# EXERCISE DIRECTIONS:
Retype all of the data word for word, without pictures.

___ DATA EXTRACT

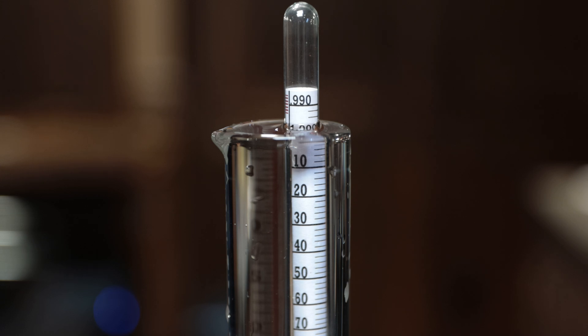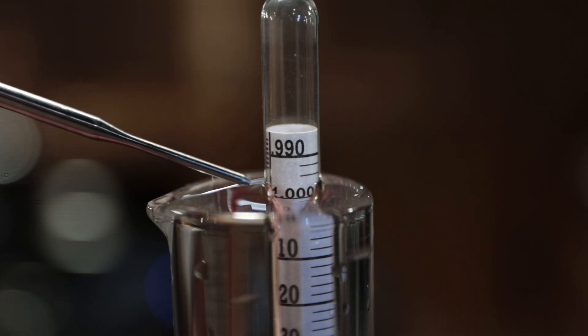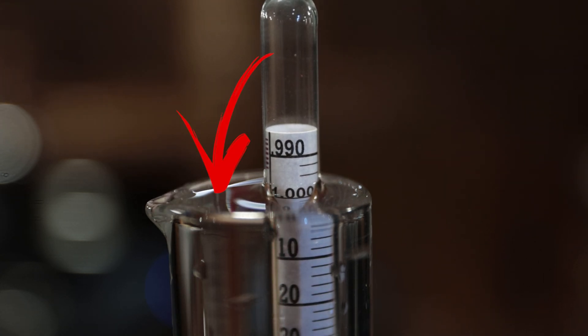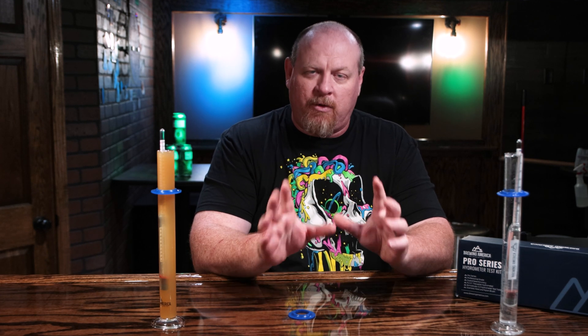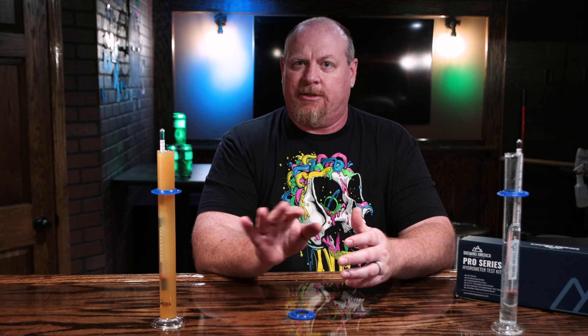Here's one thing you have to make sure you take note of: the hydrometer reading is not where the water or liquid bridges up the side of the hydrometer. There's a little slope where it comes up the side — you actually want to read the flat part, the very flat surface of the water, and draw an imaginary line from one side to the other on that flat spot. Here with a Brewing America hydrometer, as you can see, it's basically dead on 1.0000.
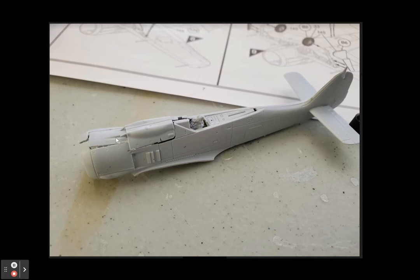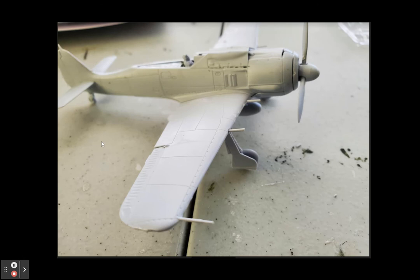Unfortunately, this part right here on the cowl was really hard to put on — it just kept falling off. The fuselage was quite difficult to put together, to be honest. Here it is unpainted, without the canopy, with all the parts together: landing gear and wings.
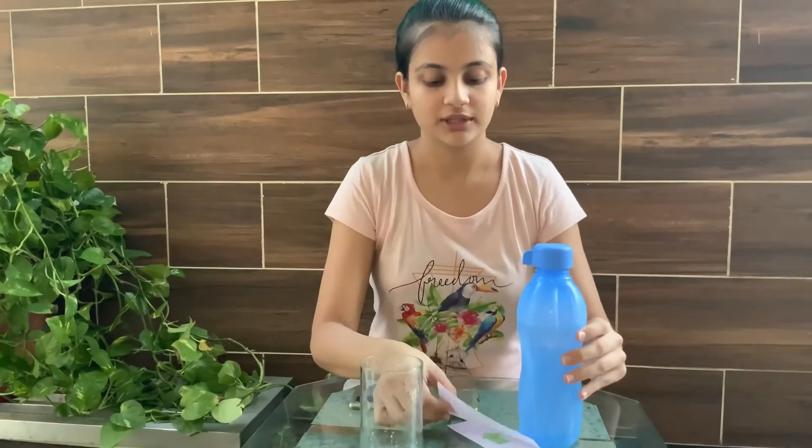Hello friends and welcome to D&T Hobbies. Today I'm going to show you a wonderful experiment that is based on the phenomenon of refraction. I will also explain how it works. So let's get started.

______

# SOLVED PROBLEM:
Here's one thing you have to make sure you take note of: the hydrometer reading is not where the water or liquid bridges up the side of the hydrometer. There's a little slope where it comes up the side — you actually want to read the flat part, the very flat surface of the water, and draw an imaginary line from one side to the other on that flat spot. Here with a Brewing America hydrometer, as you can see, it's basically dead on 1.0000.
Unfortunately, this part right here on the cowl was really hard to put on — it just kept falling off. The fuselage was quite difficult to put together, to be honest. Here it is unpainted, without the canopy, with all the parts together: landing gear and wings.
Hello friends and welcome to D&T Hobbies. Today I'm going to show you a wonderful experiment that is based on the phenomenon of refraction. I will also explain how it works. So let's get started.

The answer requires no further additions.